After a weeklong suspension and the release of “non-audited pro-forma figures“, Fortis trading resumed on Tuesday, sparking a massacre: Fortis Euronext shares fell a whopping 77% to €1.2 euro. At the investment club conference last week – after the BeNeLux nationalization but before the BNP Paribas takeover – Fortis shares were estimated at a value between €3 to €4. In its “new constellation”, Fortis plans to focus on global insurance.

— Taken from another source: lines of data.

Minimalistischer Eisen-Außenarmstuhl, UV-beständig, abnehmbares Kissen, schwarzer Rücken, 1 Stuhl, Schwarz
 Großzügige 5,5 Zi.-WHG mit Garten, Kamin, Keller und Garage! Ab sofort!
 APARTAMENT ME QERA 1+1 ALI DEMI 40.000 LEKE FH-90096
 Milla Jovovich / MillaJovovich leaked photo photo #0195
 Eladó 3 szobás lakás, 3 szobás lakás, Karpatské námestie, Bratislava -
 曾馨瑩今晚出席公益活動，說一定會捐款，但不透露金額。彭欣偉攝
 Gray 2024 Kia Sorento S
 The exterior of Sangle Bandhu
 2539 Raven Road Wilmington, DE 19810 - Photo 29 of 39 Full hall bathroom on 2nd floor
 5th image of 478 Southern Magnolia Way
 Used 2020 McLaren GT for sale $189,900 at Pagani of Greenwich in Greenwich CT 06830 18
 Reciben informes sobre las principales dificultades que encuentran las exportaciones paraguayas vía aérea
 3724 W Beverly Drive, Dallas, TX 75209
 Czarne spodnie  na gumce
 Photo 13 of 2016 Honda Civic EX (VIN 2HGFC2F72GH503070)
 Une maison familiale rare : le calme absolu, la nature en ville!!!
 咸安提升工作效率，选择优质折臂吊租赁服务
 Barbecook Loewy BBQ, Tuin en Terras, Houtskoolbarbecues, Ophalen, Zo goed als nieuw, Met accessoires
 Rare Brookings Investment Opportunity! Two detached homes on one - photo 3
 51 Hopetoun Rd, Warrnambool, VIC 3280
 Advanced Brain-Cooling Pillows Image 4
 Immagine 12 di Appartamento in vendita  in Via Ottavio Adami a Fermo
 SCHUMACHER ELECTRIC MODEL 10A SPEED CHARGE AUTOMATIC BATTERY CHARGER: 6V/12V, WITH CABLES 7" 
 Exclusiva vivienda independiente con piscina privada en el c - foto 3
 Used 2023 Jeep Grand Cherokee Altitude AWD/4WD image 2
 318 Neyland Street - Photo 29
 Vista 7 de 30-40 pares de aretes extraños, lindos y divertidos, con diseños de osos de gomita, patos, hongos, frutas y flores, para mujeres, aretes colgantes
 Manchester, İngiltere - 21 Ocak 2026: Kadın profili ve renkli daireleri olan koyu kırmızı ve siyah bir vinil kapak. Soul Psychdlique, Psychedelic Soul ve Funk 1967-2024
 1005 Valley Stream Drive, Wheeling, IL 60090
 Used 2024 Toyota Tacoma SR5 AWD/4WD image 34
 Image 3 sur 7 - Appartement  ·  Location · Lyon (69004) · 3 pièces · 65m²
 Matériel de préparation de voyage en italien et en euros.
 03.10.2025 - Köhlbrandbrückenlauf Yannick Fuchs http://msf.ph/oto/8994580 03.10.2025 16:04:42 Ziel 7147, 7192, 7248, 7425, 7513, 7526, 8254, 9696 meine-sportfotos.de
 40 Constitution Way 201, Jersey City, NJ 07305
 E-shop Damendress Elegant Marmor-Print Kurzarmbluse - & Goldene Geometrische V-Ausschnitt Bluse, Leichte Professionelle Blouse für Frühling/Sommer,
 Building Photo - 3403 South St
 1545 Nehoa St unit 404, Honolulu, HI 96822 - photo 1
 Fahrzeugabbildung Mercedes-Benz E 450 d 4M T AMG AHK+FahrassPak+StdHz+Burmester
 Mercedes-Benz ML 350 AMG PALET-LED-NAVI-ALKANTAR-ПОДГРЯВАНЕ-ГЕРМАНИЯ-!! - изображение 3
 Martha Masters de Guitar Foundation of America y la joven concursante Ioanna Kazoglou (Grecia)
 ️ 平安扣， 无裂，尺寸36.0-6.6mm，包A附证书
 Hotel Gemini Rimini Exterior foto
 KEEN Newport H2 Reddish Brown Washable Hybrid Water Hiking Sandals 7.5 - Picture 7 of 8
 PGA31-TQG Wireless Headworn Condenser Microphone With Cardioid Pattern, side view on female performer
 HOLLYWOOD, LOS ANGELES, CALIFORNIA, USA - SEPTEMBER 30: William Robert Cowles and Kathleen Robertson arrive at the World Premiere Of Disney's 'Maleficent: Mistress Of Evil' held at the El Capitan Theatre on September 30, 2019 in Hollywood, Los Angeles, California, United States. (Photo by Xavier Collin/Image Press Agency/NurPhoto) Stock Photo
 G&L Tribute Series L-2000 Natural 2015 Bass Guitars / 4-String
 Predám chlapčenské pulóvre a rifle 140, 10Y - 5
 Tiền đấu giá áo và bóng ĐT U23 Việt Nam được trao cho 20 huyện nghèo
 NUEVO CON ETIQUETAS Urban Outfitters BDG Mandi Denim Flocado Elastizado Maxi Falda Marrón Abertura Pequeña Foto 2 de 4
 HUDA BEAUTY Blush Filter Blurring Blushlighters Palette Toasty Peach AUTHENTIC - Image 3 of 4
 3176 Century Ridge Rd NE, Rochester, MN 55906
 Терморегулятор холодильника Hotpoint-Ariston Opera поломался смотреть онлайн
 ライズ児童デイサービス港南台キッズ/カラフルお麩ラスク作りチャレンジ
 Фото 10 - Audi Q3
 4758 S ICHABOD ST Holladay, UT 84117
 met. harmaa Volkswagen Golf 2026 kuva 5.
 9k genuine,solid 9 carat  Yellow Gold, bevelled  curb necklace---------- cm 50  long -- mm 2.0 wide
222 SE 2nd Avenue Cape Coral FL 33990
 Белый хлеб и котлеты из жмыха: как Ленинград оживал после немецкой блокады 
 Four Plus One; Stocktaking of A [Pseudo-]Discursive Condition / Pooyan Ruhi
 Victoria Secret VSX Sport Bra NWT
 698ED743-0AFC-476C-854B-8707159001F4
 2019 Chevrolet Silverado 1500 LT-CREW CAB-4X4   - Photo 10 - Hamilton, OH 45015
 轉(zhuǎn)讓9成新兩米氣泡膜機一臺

Fortis also announced that it was planning to call a shareholder meeting in eight weeks. I would give good money to attend this meeting because investors are outraged over what they see as “mismanagement” and “misinformation”. Lobbygroup argues that shareholders are left with:

  • a marginalised company with a 66% stake in a structured products portfolio (worth 6,8 billion euro)
  • a small insurance business that could not be sold directly (Insurance International) worth between 1,5 and 2,0 billion euro.
  • no dividend
  • a 90 percent decline in the shareprice.

“Some easing of global monetary conditions is therefore warranted”

8 10 2008

The US Federal Reserve, the European Central Bank and the Banks of England, Canada, Switzerland and Sweden have announced an interest rate reduction by 0.5%. This coordinated measure is as uncommon as a presidential candidate referring to his opponent in a national debate as “that one“.